> **WORK TO COMPLETE**: Using the data below, return every line that holds the word "Tissue".

───── RECORD EXTRACTS ─────

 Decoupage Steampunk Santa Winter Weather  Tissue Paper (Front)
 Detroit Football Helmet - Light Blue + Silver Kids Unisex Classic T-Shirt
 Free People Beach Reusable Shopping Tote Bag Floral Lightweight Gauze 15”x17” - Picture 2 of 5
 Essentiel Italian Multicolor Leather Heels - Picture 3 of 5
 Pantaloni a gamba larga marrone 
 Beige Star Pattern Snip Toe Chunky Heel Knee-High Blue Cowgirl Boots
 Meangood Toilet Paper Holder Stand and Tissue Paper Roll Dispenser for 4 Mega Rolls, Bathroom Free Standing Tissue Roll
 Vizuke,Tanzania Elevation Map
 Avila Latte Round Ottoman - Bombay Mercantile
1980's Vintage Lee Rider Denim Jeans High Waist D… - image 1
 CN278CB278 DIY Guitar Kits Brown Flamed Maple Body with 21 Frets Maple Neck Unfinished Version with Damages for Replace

─────

> **RESPONSE BOX**:
 Decoupage Steampunk Santa Winter Weather  Tissue Paper (Front)
 Meangood Toilet Paper Holder Stand and Tissue Paper Roll Dispenser for 4 Mega Rolls, Bathroom Free Standing Tissue Roll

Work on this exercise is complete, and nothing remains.